In 1978 famed fashion photographer Richard Avedon was commissioned by the Amon Carter Museum of American Art in Fort Worth to shoot a series of portraits in the Western part of the country. The ten portraits that were part of “In the American West,” the original exhibit that debuted in 1985, are now on view at the Gagosian Gallery in Beverly Hills. This is the first time these large scale works are shown together since then.
What: Richard Avedon: Ten Exhibition Prints from ‘In the American West’
When: November 4-December 18, 2021
Where: 456 North Camden Drive, Beverly Hills, CA
The series of black-and-white photos were shot over five years as Avedon traveled in the West, taking portraits of thousands of subjects. The photographs capture everyday people in their natural element, without much flair — a departure from the photographer’s usual style, familiar from the pages of big-time fashion magazines, such as Vogue, Harper’s Bazaar, and seen in campaigns for designers like Dior and Calvin Klein. The photos were striking yet simple, shot against a white seamless background, which allowed the photographer to concentrate on the subject and the subject alone, capturing their emotions, expressions, and body posture. When questioned about this deviation from his typical style, Avedon had a poignant answer. “It’s trivializing to make someone look ‘sage,’ ‘noble,’ or even conventionally beautiful when the real thing is so much crazier, contradictory, and therefore fascinating.”
The original exhibit featured 125 photos. From that 125, ten images were selected to be printed at a staggering seven feet height. A wide range of subjects: from a 13-year-old rattlesnake skinner and a middle-aged truck driver, to a young oil field worker, female factory worker on her birthday, and a lumber salesman with his toddler daughter — all depicted as they are going about their busy, regular day, in the West in the early 1980s.
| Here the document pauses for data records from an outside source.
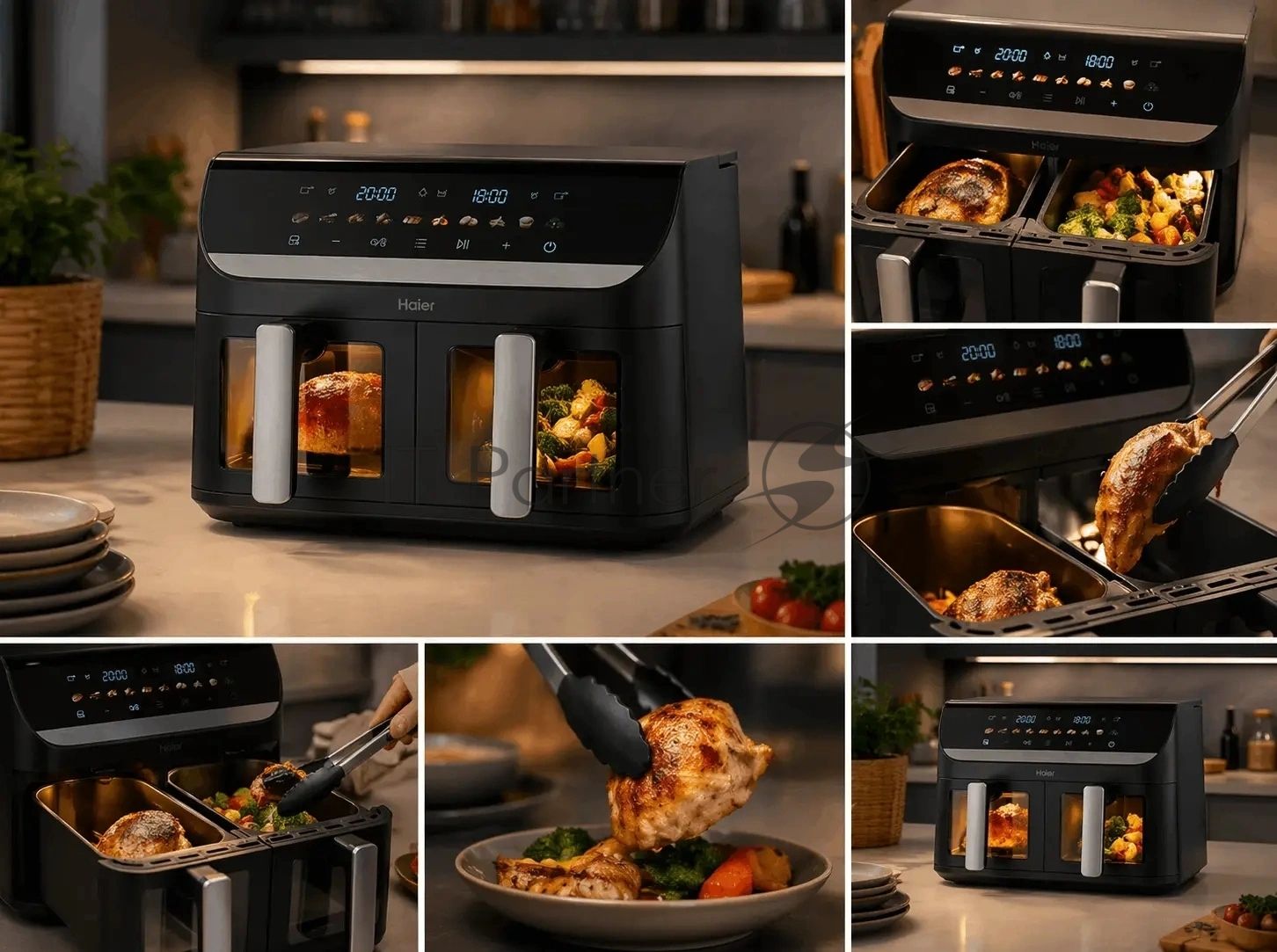 Аэрогриль Haier HAF-702 черный, 3000 Вт, 11 л ( 5.5 л каждая), сенсор, 10 программ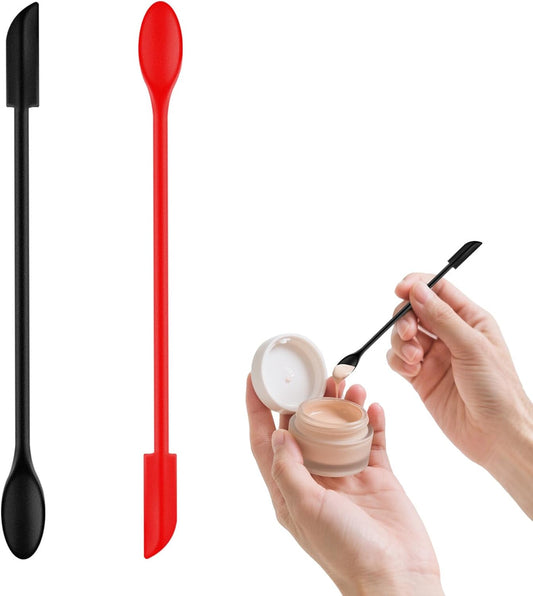 Makeup Spatula Mini Silicone Spatula Set 2Pcs, Dual-Head Small Scraper for Cosmetic Skincare Beauty Face Foundation Lip Lotion Makeup Tools, Tiny Spoon for Narrow Jar Bottle Peanut Butter Kitchen Food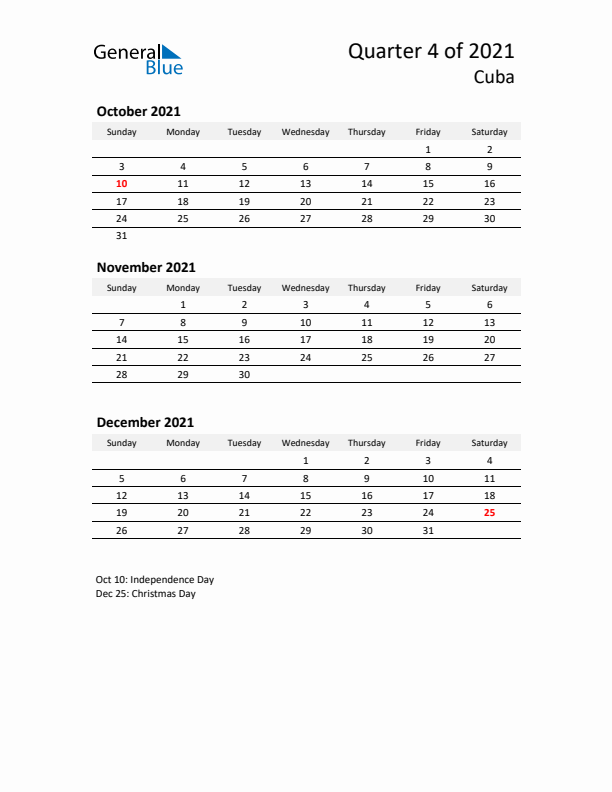 2021 Q4 Three-Month Calendar for Cuba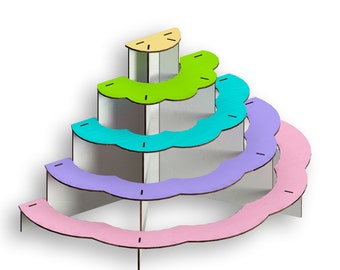 Archivos de corte láser para soporte de cupcakes con forma de escalera: Plantilla vectorial (descarga digital)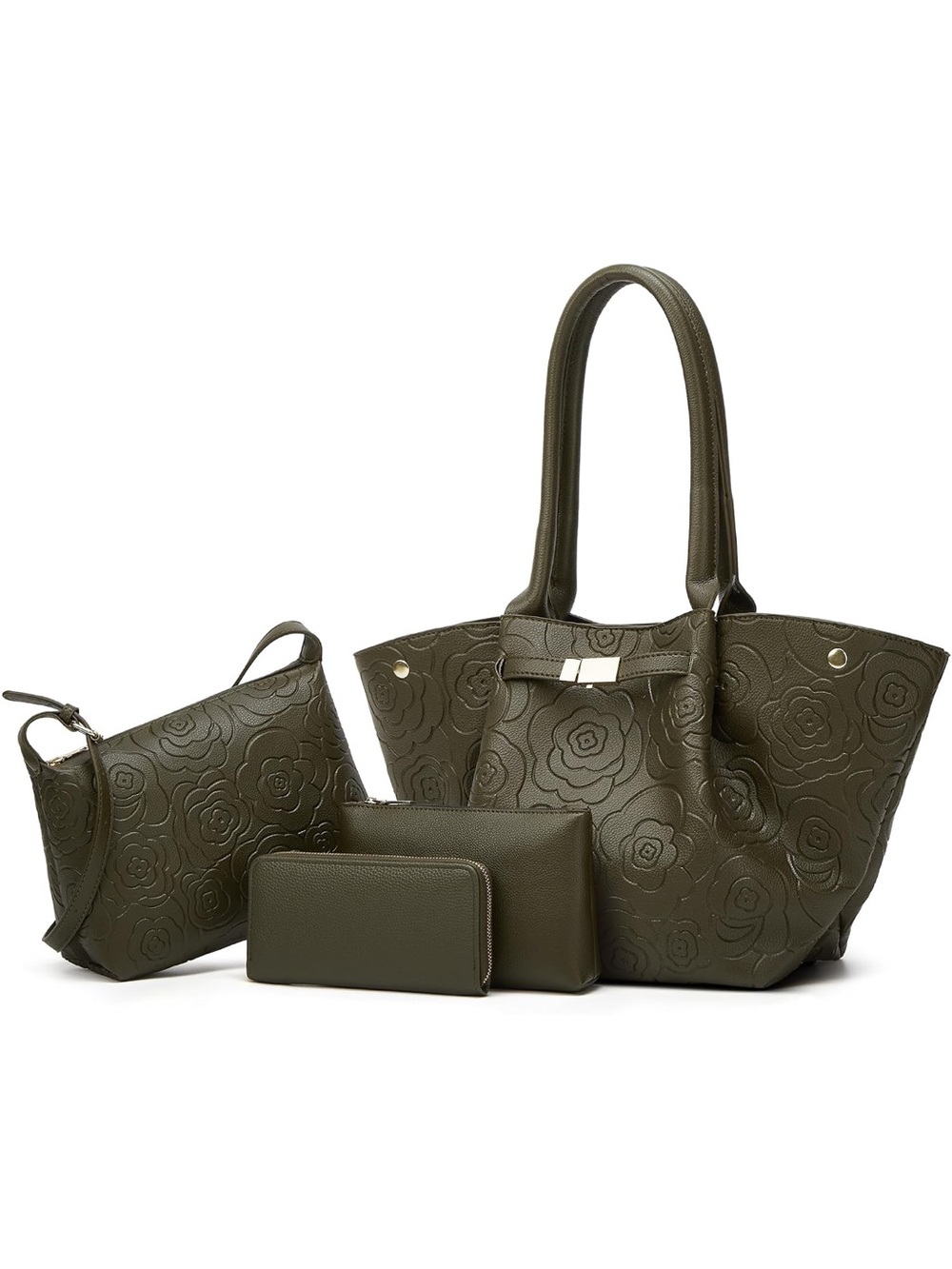 Olive Green Floral Embossed Tote Bag Set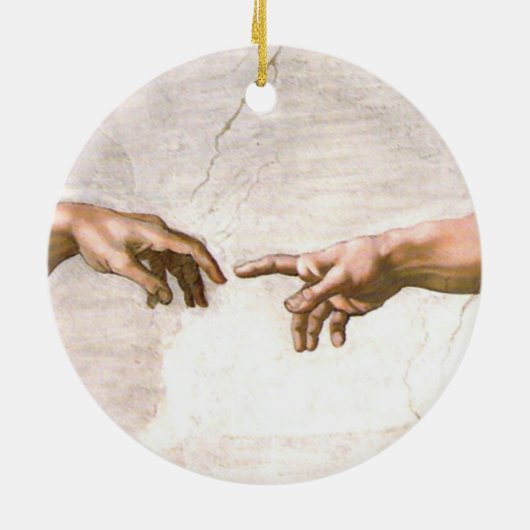 Hand van God door Michelangelo Keramisch Ornament (Achterkant)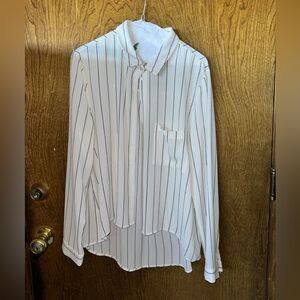 Leith Cream and Black Striped Shirt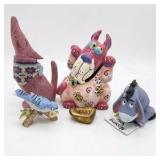 Vintage Lefton Blue Jay, Disney Eeyore Ornament, Sassy Rock, Cat Figurine Decor Lot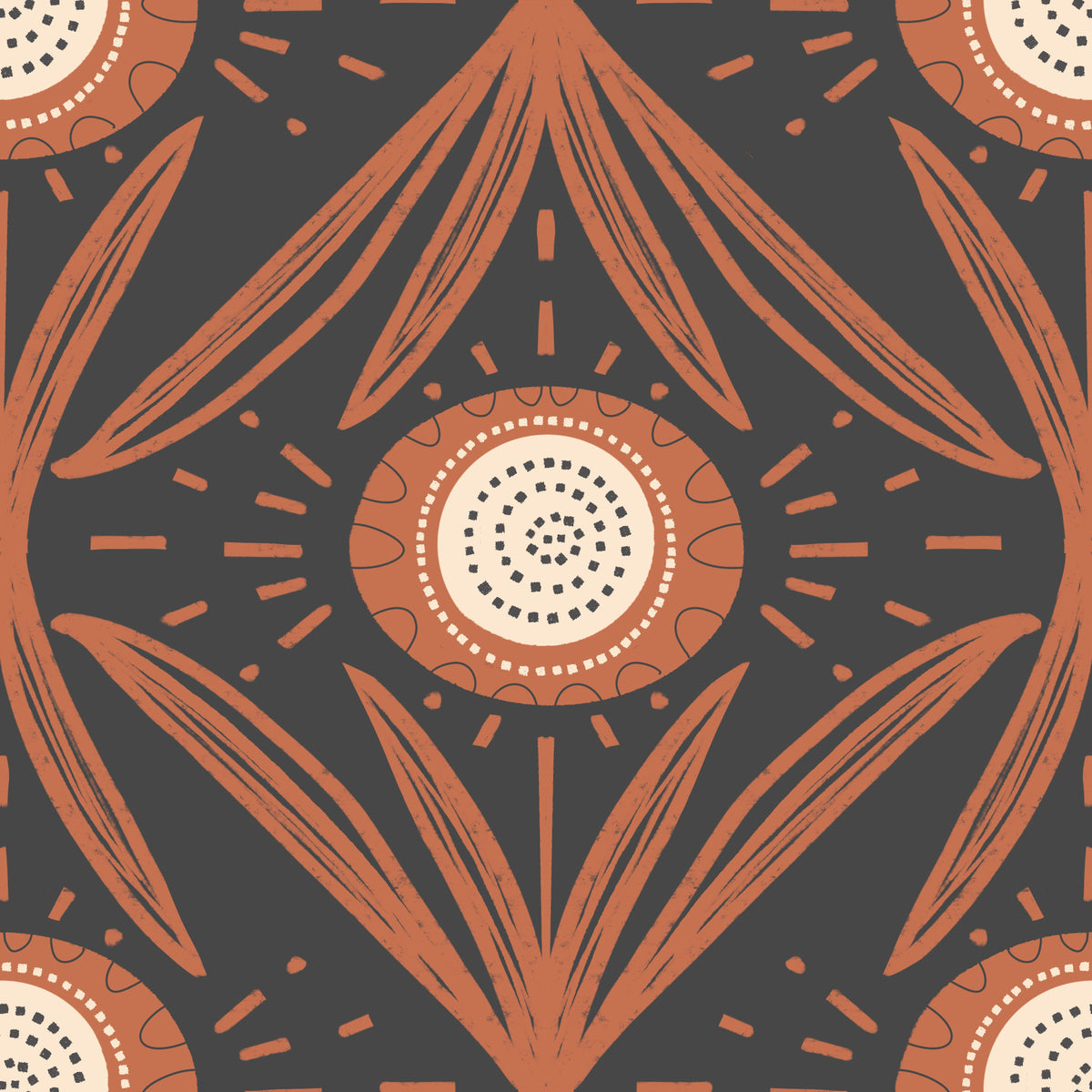 Folk Bloom Radiance Terracotta Charcoal - Mid Mod Floral Wallpaper⁠ in your room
Many have considered these portraits as some of Avedon’s most powerful, similarly to his famous photo of a beekeeper that the photographer spent years chasing after — a portrait of great acclaim and yet another departure from the high-fashion style images he is mostly known for.
Avedon knew how to bring a photo and subject alive. Even in his fashion photography he realized that his images took on a more significant role than simply a selling tool for the fashion his models wore on the pages of magazines and ads. Instead, he worked with understanding that his task was to capture a spirit and to invoke energy and vigor; all things that the consumers possibly needed more than the goods they were compelled to buy.